En ese supuesto, la competencia quedaría integrada por tres mujeres —Estrella Palacios, Teresa Guerra e Imelda Castro— y tres hombres, entre quienes podrían figurar Omar López Campos, Rodolfo Valenzuela Sánchez y Ricardo Madrid Pérez por el Partido Verde.
El efecto sería exactamente el contrario al que muchos anticiparían. En lugar de reducirse los espacios para las mujeres, la coalición terminaría presentando tres perfiles femeninos con posibilidades reales de competir. Morena conservaría dos espacios para mujeres y, al mismo tiempo, uno de sus aliados incorporaría una tercera aspirante de gran peso político. Sería una redistribución de liderazgos más que una exclusión.
Existe, por supuesto, otro escenario igualmente viable. Morena podría decidir que sus dos propuestas femeninas sean precisamente Imelda Castro y Teresa Guerra, dejando fuera a Estrella Palacios o a cualquier otra aspirante. En ese caso, el Partido del Trabajo mantendría la posibilidad de postular a un hombre, mientras que el Partido Verde haría lo propio con Ricardo Madrid.
La lista podría integrarse entonces por Imelda Castro, Teresa Guerra, Omar López Campos, Rodolfo Valenzuela Sánchez, Ricardo Madrid Pérez y Jesús Fernando García Hernández.

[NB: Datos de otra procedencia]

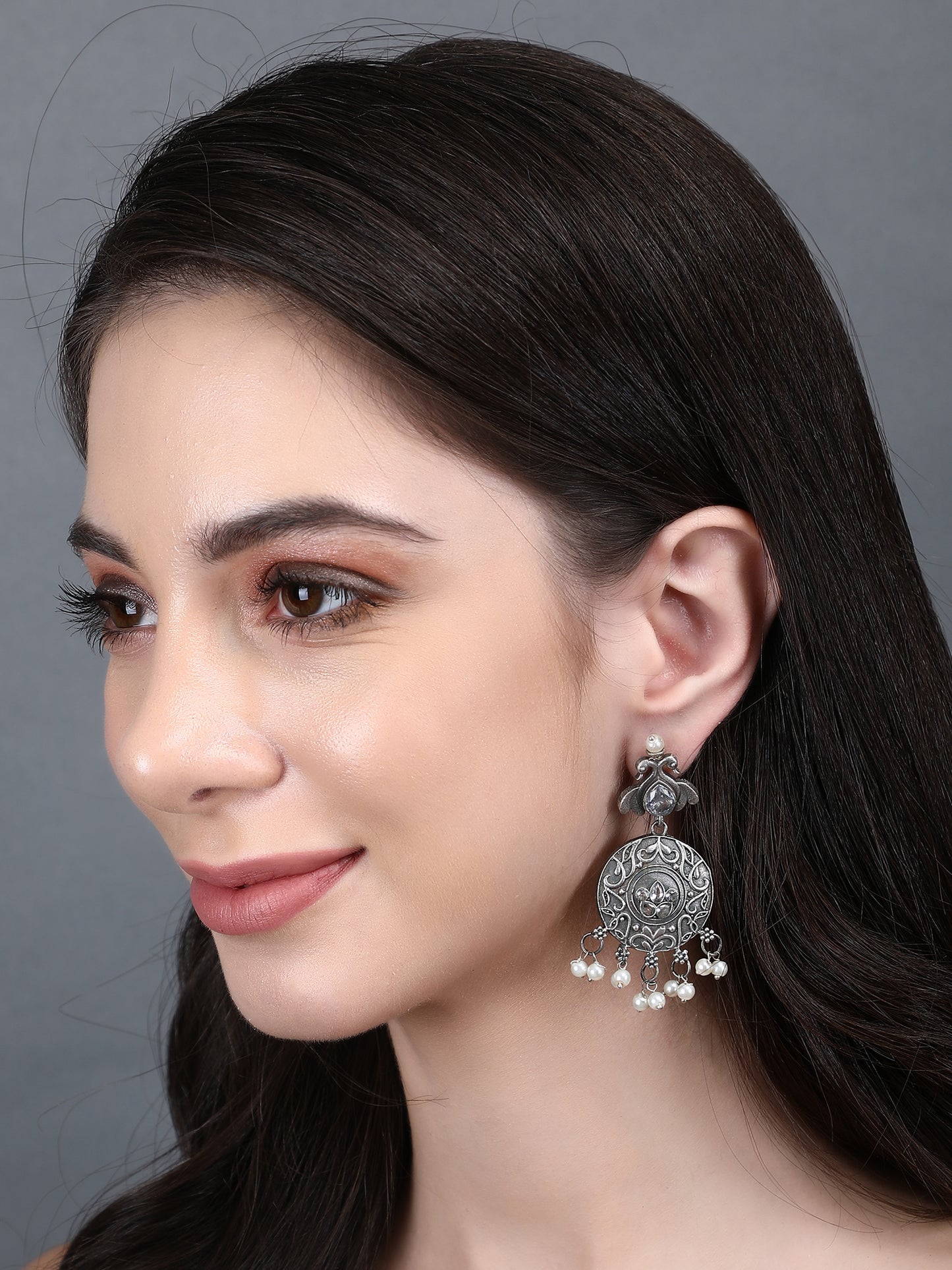 Antique Grey Jhumka Earrings with Pearl Drops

En esta hipótesis la presencia femenina seguiría siendo relevante, pero ya no existiría una tercera mujer impulsada por uno de los partidos aliados. La competencia volvería al equilibrio tradicional de dos mujeres frente a cuatro hombres, aunque respetando las reglas anunciadas por la coalición.
Más allá de los nombres, la verdadera discusión está en la estrategia. Muchos interpretan que dejar fuera de Morena a una figura como Imelda Castro significaría debilitar la participación de las mujeres. No necesariamente. Si el Partido del Trabajo conserva la libertad de proponer a su propio perfil, esa decisión incluso podría ampliar la presencia femenina dentro de la contienda y, al mismo tiempo, mantener en competencia a uno de los liderazgos históricos de la Cuarta Transformación en Sinaloa.
Sin embargo, tampoco puede ignorarse el costo simbólico que tendría una decisión de esa naturaleza. Competir bajo las siglas de un partido aliado no significa perder relevancia política, pero inevitablemente alimentaría interpretaciones sobre el lugar que ocupa cada liderazgo dentro de Morena. En política las percepciones suelen pesar tanto como las decisiones formales. Las reuniones, las ausencias, las fotografías, los mensajes y hasta los silencios terminan construyendo narrativas que después resultan difíciles de desmontar.
Por eso la integración final de los seis nombres será mucho más que una simple lista de aspirantes. Reflejará el equilibrio interno de Morena, la fortaleza de sus aliados y la manera en que la coalición entiende la paridad, la competencia y la sucesión gubernamental.
Conviene hacer una precisión indispensable. Todo esto no deja de ser un ejercicio de análisis construido a partir de las reglas anunciadas públicamente por Ignacio Mier y de la configuración política actual. Las decisiones finales pertenecen exclusivamente a los órganos internos de los partidos y cualquier pronóstico está sujeto a los movimientos que inevitablemente acompañan a un proceso de esta naturaleza.
Porque la política, al final, pocas veces responde a una lógica estrictamente aritmética. En ocasiones, restar un espacio dentro de un partido termina sumando representación dentro de una coalición. Y otras veces, una decisión que parece perfectamente razonable sobre el papel modifica por completo la percepción pública. La sucesión en Sinaloa apenas comienza, pero la geometría de sus posibles desenlaces ya ofrece suficientes elementos para entender que, en política, las matemáticas nunca son solamente números.